==== Dataset records
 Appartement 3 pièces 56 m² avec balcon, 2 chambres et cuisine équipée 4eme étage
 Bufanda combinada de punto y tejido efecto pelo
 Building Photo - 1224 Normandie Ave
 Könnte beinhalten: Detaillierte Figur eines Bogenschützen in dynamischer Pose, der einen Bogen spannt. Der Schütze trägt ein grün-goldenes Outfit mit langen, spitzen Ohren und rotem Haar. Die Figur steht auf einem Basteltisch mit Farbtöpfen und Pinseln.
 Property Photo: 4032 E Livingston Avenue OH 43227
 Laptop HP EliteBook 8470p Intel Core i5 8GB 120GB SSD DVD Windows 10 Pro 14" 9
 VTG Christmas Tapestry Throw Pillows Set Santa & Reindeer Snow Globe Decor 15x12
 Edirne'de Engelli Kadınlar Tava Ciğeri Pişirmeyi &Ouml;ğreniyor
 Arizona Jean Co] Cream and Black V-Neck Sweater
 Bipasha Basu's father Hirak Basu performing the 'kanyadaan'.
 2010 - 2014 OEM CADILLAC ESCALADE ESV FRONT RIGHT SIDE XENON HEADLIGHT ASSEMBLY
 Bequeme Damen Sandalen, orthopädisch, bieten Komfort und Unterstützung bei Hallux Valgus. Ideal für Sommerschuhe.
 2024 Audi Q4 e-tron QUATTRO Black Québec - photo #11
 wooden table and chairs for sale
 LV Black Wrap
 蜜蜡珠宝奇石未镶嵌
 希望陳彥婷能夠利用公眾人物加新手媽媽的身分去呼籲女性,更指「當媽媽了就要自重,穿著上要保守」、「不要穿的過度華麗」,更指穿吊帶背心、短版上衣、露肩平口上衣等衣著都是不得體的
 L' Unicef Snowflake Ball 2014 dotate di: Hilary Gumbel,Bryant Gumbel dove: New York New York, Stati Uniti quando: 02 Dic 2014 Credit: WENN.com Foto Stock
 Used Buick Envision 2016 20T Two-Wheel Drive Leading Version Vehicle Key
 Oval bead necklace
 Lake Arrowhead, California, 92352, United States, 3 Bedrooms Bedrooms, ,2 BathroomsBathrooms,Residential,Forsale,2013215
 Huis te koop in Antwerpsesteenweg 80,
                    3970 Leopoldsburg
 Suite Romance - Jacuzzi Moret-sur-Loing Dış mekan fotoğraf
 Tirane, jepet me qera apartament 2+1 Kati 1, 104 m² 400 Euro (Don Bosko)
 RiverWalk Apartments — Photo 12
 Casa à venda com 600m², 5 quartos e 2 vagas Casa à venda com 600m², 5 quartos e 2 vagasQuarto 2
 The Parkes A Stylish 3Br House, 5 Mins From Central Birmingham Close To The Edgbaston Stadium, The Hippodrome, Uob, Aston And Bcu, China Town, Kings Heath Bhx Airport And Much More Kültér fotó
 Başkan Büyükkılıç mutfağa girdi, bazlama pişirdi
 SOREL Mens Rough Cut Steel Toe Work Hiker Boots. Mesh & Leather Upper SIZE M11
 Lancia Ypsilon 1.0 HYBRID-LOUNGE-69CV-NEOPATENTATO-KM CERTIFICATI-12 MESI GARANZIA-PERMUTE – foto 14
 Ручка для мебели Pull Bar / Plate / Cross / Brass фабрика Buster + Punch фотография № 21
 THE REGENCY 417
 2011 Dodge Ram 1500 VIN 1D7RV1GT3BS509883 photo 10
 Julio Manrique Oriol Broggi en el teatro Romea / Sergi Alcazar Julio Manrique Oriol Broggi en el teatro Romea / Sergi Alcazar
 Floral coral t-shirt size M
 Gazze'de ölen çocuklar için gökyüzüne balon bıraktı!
========
Exercise brief: Among the records above, a stretch begins at the line containing "2010 - 2014" and ends at the line containing "Oval bead necklace". Restate that stretch word for word, and nothing else.

Answer to this problem:
 2010 - 2014 OEM CADILLAC ESCALADE ESV FRONT RIGHT SIDE XENON HEADLIGHT ASSEMBLY
 Bequeme Damen Sandalen, orthopädisch, bieten Komfort und Unterstützung bei Hallux Valgus. Ideal für Sommerschuhe.
 2024 Audi Q4 e-tron QUATTRO Black Québec - photo #11
 wooden table and chairs for sale
 LV Black Wrap
 蜜蜡珠宝奇石未镶嵌
 希望陳彥婷能夠利用公眾人物加新手媽媽的身分去呼籲女性,更指「當媽媽了就要自重,穿著上要保守」、「不要穿的過度華麗」,更指穿吊帶背心、短版上衣、露肩平口上衣等衣著都是不得體的
 L' Unicef Snowflake Ball 2014 dotate di: Hilary Gumbel,Bryant Gumbel dove: New York New York, Stati Uniti quando: 02 Dic 2014 Credit: WENN.com Foto Stock
 Used Buick Envision 2016 20T Two-Wheel Drive Leading Version Vehicle Key
 Oval bead necklace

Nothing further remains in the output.